We’ve all heard the complaints that usually accompany open-plan offices: “I can’t hear myself think”, “It’s impossible to hold a private conversation without being overheard”, and “It’s a mobile phone, for goodness sake – that means you can go somewhere else to chat loudly!”
Often when it comes to designing a working environment, functionality and aesthetics are the primary focus of the creative team, (assuming that cost-cutting is not the only factor), and hardly any attention is paid to the acoustical environment. There are many assaulters to the ears, some which may be more obvious such as a lively colleague on the phone, and others which may be overlooked but can combine to create a cacophonic productivity destroyer, such as traffic outside or the whizz, whir, clunk of a tiring printer/copier.
A survey researched by The Center For The Built Environment, Berkley, found that around 50% of people in open office environments think that acoustics interfere with their ability to get work done and that people are mostly dissatisfied with hearing other people talking on telephones, people overhearing private conversations, and the sound of people talking in surrounding offices. And yet with an increasing need for collaboration, quick information, and ideas sharing there’s clearly a balance to be struck between quiet and noisy spaces at work. In fact, there are many people who contest that a ‘buzzy’ environment helps motivate them to do better work.
Further thought should be paid to the opportunity to use ambient sound to literally create the ‘tone’ of a workplace, to dial up the volume of your internal brand. The notion of “Sonic Branding” is not new. Just think of the “dah dah dah daaaah” of Intel, the “bowwwm” of an Apple computer starting up or McDonald’s unmistakable jingle, and you’ll know what I mean. In marketing, sonic branding is becoming an increasingly strong vehicle for conveying a memorable message to targeted consumers. From non-lyrical sound bites to catchy snippets of tunes, these sonic brands take advantage of one of the brain’s most powerful memory senses – sound.

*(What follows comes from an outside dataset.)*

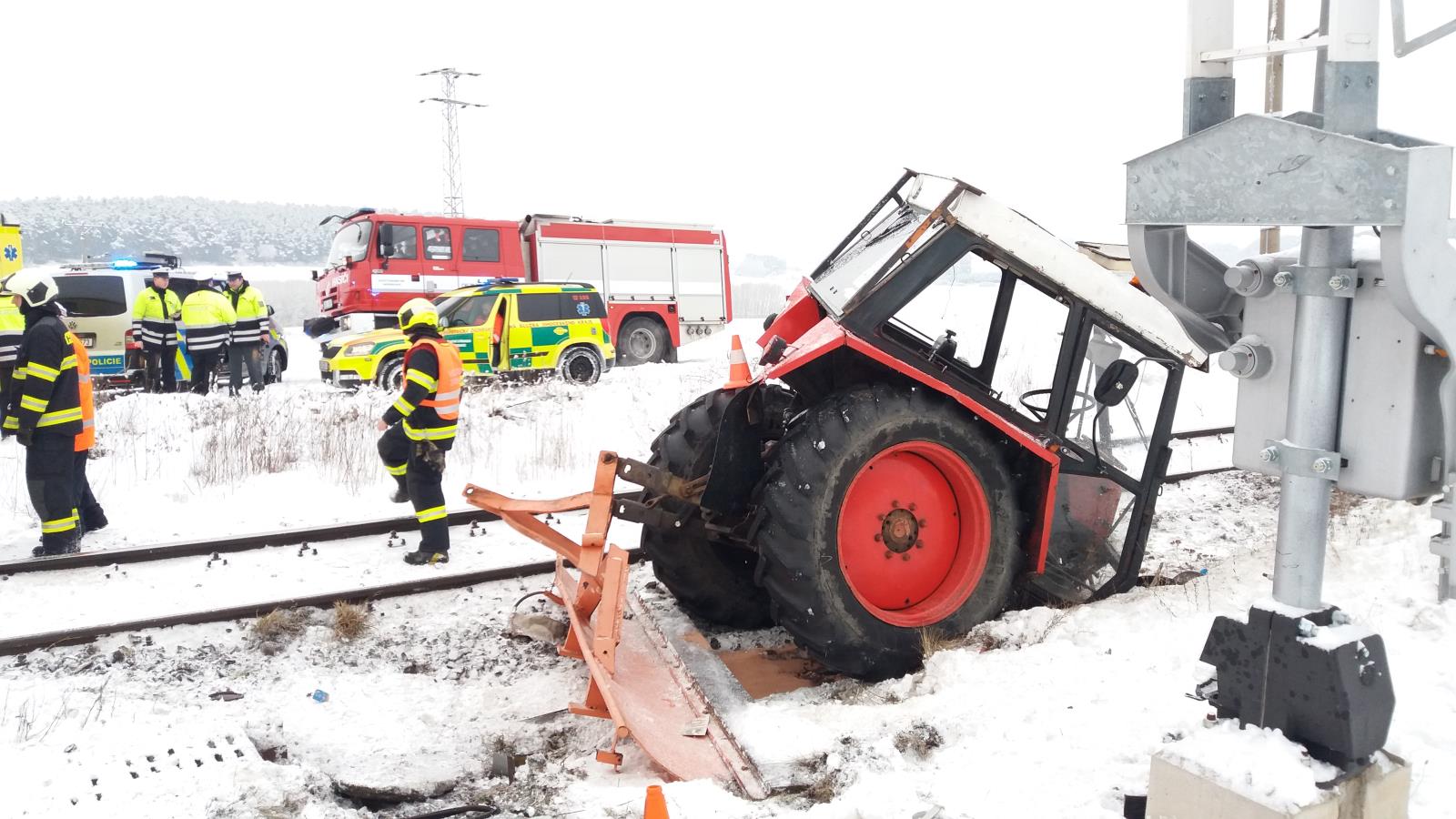 Dopravní nehoda traktoru a vlaku, Horní Poříčí - 8. 2. 2018 (4).jpg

This vehicle could also be used as a way of conveying internal messages and creating a distinct identity – that makes employees feel at home (whilst cleverly masking the sound of the aircon!) In my opinion, enviable workspaces pay attention to the ‘soft’ details, taking sound, light and colour to a different level altogether, as we see at Bloomberg, Inc:
There’s a distinctive aural and visual identity that makes you feel at home at any Bloomberg location. Amidst the hubbub of the public areas the occasional jingle sounds, gluing together conversation to create a familiar ambiance, while color and light is used at every opportunity. Above each lift door a huge block of light beams green for ‘up’ and red for ‘down’, and each floor has a signature color for easy navigation. Accent lighting on stairways glows red to the east, blue to the west; coloured glass meeting rooms tell you where you are and who’s meeting who; and vibrant information displays keep people up to date in an instant – green, a market is rising; red, it’s taken a tumble; purple for general news; and blue lets you know that it’s sunny in Damascus.
In a business that is built on processing data, making quick-fire decisions and relaying time-critical information, one might expect the environment to be dominated by numbers, facts, and figures. However, as the Bloomberg Space sets out to stimulate the whole brain, a huge emphasis is also placed on sensorial aspects. The numbers still are there, but they have been designed into the fabric of the space, providing both navigational guidance and visual interest. Directories etched into meeting room walls provide quick orientation with shorthand numbers and digits indicating North, South, East or West and floor numbers. Even [the ubiquitous] flamboyant tropical fish serve a profound sensory purpose, as Tom Keene, Editor at Large for Bloomberg News Radio, reveals: ‘Six years ago, I’d have said “how cute”, but now, I realize that there’s a deeper psychological link to our culture.’ More than just interesting decoration, they mirror the activity of Bloomberg employees, and further, they provide an escape from the activity. Often you will find people slowing their pace as they pass, pausing, gazing, commenting on their favorite fish to a colleague who stops by.